Steam Boiler Blowdown
The purpose of steam boiler blowdown is to remove sludge, suspended solids and dissolved solids (TDS). Sludge is formed by either precipitated hardness salts or corrosion products carried back from the condensate system. A sudden increase in the sludge level may indicate that there is a problem with the water softener or condensate contamination. The TDS (total dissolved solids) is a measure of all the minerals dissolved in the water and in the case of the boiler water is a mixture of natural TDS present in the incoming water and additional TDS from the treatment chemicals. As steam is raised, pure water is evaporated, leaving the TDS behind in the boiler water which becomes increasingly concentrated. Initially this is beneficial since it allows the treatment chemicals to become more concentrated and offer better protection to the boiler but eventually, if unchecked, the water would become so concentrated that its surface tension increases and steam bubbles can no longer escape freely, resulting in foaming and carryover. Foaming will impair the removal of heat from the boiler tubes and thus put them at risk of overheating and failure.
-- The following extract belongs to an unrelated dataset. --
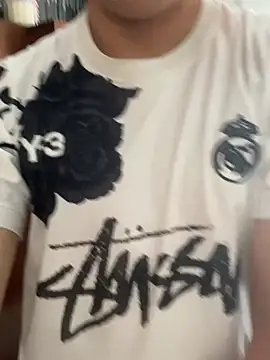 YorSexboy777 online show from April 4, 10:44 am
Carryover is where boiler water, with all its TDS, is carried into the steam system along with the steam. It should be avoided since it can result in product contamination and damage to steam-side equipment. In order to prevent foaming and carryover, the build-up of the boiler TDS needs to be controlled by removing concentrated boiler water via blowdown and replacing it with fresh water with a lower TDS. The guidance in BS2486 indicates that for most shell boilers that the TDS should be limited to a maximum 3500mg/l. However, in certain circumstances it may be necessary to maintain a lower TDS if carryover is to be avoided (particularly where the boiler has a small steam space or the raw water is particularly high in alkalinity). Blowdown is essential to remove sludge and maintain steam purity but it is important to ensure that unnecessary blowdown is avoided since it wastes energy. Depending on the boiler pressure every 3–4% blowdown equates to 1% of the fuel cost. In order to control the TDS effectively, the boiler should be fitted with an efficient auto-blowdown system which continuously monitors the boiler TDS and adjusts the blowdown accordingly. Because the TDS probe is in an extreme environment, it is likely that the TDS reading will drift considerably over time, so the control system will need regular testing and recalibration. The boiler water tests should include a measurement of TDS which can be used to adjust any automatic blowdown system. Wherever possible, the auto-blowdown system should incorporate a correctly sized flash vessel and heat recovery system which can potentially recover up to 80% of the energy in the blowdown and save on make-up water by returning flash steam to the hotwell. As well as the automatic TDS control blowdown, it is necessary to periodically operate the bottom blowdown valve, both to ensure it is operational and also to help remove any accumulated sludge. Where there is no significant sludge build-up, a single short blowdown of no more than 5 seconds per day is sufficient. If this needs to be increased in order to help purge a build-up of sludge resulting from a contamination problem, this is best achieved by several short blowdowns at periods of low fire rather than one long one.